Washington, D.C. – The National Low Income Housing Coalition (NLIHC), Housing Initiative at Penn (HIP), and Reinvestment Fund (RF) released today a joint report on tenant and landlord experiences with the U.S. Department of the Treasury’s (Treasury) Emergency Rental Assistance (ERA) Program. The report, Beyond Housing Stability: Understanding Tenant and Landlord Experiences and the Impact of ERA, finds that Treasury’s ERA program offered a vital lifeline to tenants and landlords during the pandemic, improving outcomes in areas well beyond housing stability, including financial security, child well-being, access to healthcare, and overall health.
“This joint study provides compelling new evidence that safe, stable, affordable housing is a key determinant of health, child well-being, and financial security,” said NLIHC President CEO Diane Yentel. “At the same time, the report reveals once again how essential emergency rental assistance was in keeping low-income renters safely and stably housed during the pandemic. Now, Congress must establish a permanent ERA program to ensure that no renter ever loses their home because of a sudden financial shock or health emergency.”
With the arrival of the COVID-19 pandemic, millions of low-income renters fell behind on rent and were left at risk of eviction. In response, the federal government created the Emergency Rental Assistance (ERA) Program – a temporary initiative administered by Treasury to help low-income renters address rent and utility arrears – and appropriated an unprecedented $46.55 billion in funding. With guidance from Treasury, state and local governments designed and scaled up systems to distribute the aid to renters and landlords, a significant undertaking during a global pandemic.
The new report uses administrative, qualitative, and survey data to evaluate how tenants and landlords experienced ERA at five programs around the country: Allegheny County, Pennsylvania; the City and County of Denver, Colorado; Louisville/Jefferson County, Kentucky; Northern Ponca Housing Authority; and the State of Oregon. Survey data from five additional program sites were used to strengthen the evaluation. In addition to describing the characteristics of renter households that applied for ERA through the study sites, the report illuminates the experiences of tenants who applied for ERA. These experiences include their likelihood of receiving assistance, housing stability, financial security, physical and mental health, access to healthcare, and child well-being.
The report shows that survey respondents who received support from the ERA program experienced more positive short-term outcomes than those who did not.
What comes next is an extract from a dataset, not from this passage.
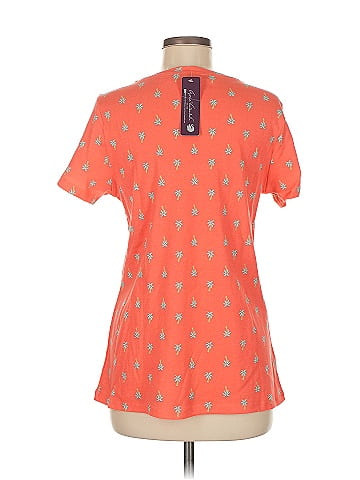 Gloria Vanderbilt Short Sleeve T-Shirt (view 2)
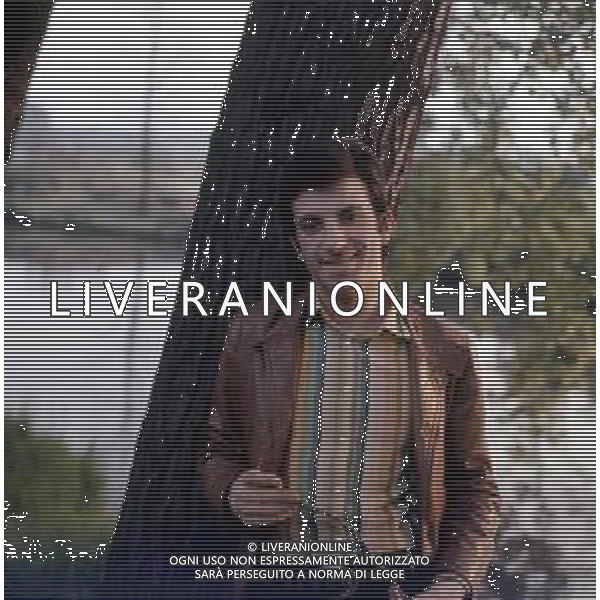 COL-RETROSPETTIVA MICHELE MAISANO CANTANTE NELLA FOTO MICHELE MAISANO AG ALDO LIVERANI SAS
Tenants who received ERA funding were more likely to be living in their own apartment or home (as opposed to living with family or friends or being unhoused), were less likely to owe back rent, and were less worried about their overall housing status at the time of the survey compared to tenants who did not receive funding. Likewise, after controlling for other factors like age, language, race, and ethnicity, tenants who received ERA were 40% more likely than those who did not receive assistance to report that their health and well-being were the same or better than a year ago. Landlords expressed in their focus groups that they also benefited from the program, explaining that they received invaluable support from ERA at a time when they were struggling to collect rents and meet financial obligations. Tenants and landlords felt that ERA provided essential support, stabilizing renter households in the short term and providing landlords with a degree of financial security.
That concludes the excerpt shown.